## Your task
Set every record down again exactly. Do not carry over the pictures.

....

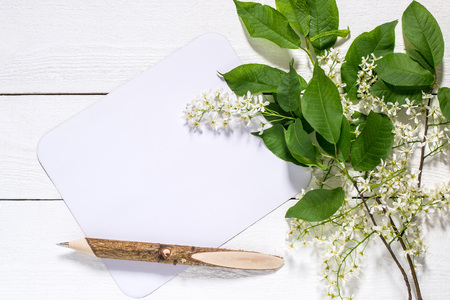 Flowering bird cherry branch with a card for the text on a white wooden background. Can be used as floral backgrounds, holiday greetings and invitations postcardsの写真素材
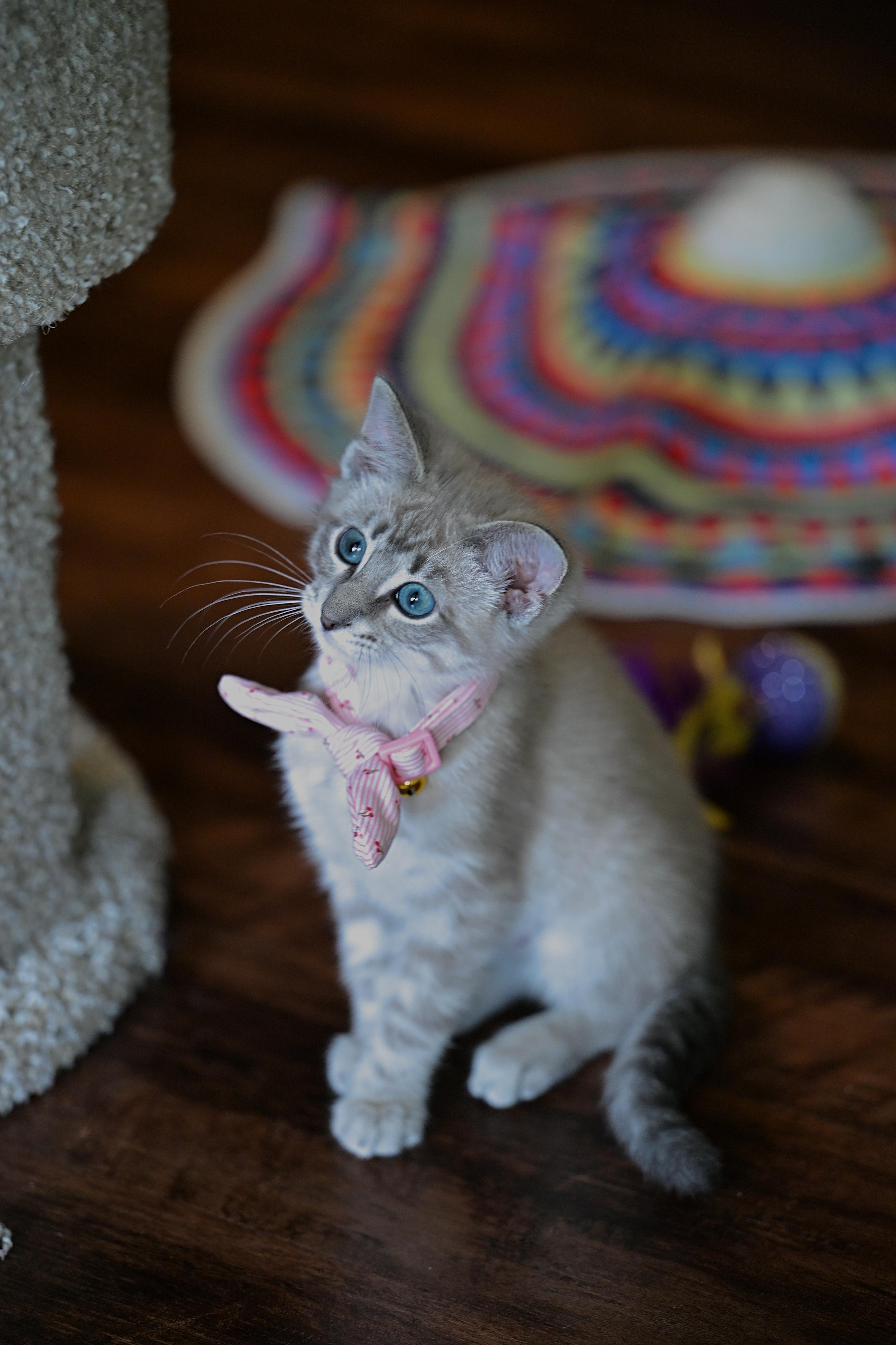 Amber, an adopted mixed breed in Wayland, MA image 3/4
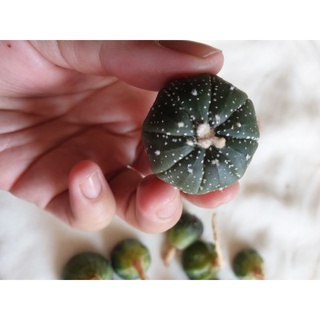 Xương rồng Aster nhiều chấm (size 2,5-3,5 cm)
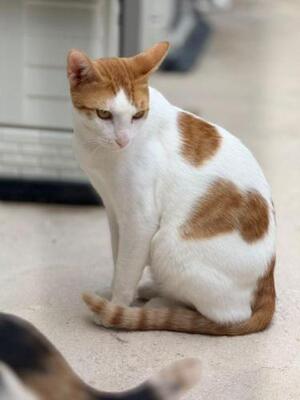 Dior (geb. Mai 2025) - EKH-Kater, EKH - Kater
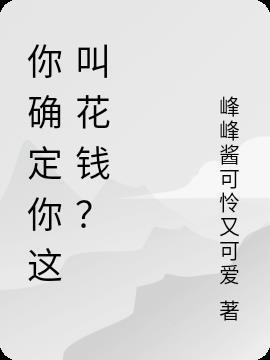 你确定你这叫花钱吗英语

....

## Worked solution
 Flowering bird cherry branch with a card for the text on a white wooden background. Can be used as floral backgrounds, holiday greetings and invitations postcardsの写真素材
 Amber, an adopted mixed breed in Wayland, MA image 3/4
 Xương rồng Aster nhiều chấm (size 2,5-3,5 cm)
 Dior (geb. Mai 2025) - EKH-Kater, EKH - Kater
 你确定你这叫花钱吗英语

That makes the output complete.